● Problem description: Among the records below, which lines contain the string "Women"? Report them.

[Stored dataset items]
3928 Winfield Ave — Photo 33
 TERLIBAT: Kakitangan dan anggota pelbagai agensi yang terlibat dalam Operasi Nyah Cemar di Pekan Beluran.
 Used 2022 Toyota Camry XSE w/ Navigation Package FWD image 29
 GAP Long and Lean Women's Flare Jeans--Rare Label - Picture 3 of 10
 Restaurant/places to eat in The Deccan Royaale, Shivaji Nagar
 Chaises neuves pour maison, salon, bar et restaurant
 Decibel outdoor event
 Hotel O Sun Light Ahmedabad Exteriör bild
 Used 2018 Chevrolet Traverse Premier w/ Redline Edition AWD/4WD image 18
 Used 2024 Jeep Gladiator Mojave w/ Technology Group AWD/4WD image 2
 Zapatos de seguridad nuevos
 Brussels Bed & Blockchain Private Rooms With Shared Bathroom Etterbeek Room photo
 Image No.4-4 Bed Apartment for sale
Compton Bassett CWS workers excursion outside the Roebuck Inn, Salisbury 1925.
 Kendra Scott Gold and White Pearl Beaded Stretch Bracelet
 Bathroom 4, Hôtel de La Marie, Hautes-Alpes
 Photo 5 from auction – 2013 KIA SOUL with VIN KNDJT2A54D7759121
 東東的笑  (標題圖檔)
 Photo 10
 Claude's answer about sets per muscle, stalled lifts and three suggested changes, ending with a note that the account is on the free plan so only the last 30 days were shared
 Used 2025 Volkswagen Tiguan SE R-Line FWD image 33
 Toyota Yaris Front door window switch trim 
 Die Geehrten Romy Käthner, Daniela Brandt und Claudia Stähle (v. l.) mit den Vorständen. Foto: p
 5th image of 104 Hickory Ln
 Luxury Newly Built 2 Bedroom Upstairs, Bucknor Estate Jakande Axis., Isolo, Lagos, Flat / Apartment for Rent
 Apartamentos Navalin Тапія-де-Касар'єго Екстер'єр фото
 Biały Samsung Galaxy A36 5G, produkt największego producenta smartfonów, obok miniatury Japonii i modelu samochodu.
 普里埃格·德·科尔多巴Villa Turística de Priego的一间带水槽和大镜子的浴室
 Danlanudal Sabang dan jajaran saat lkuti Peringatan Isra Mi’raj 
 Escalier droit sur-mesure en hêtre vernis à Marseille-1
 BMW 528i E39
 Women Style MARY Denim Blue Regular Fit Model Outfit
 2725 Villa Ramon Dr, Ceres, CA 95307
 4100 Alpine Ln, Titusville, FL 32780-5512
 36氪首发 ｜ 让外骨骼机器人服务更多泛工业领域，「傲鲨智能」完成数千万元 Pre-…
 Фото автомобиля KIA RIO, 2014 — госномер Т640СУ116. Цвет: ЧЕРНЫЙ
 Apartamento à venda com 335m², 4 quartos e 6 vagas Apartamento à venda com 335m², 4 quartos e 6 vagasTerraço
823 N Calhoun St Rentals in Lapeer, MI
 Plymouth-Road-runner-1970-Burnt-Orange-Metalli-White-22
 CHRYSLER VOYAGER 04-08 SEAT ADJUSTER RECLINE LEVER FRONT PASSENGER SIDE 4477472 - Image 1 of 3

● Worked solution:
 GAP Long and Lean Women's Flare Jeans--Rare Label - Picture 3 of 10
 Women Style MARY Denim Blue Regular Fit Model Outfit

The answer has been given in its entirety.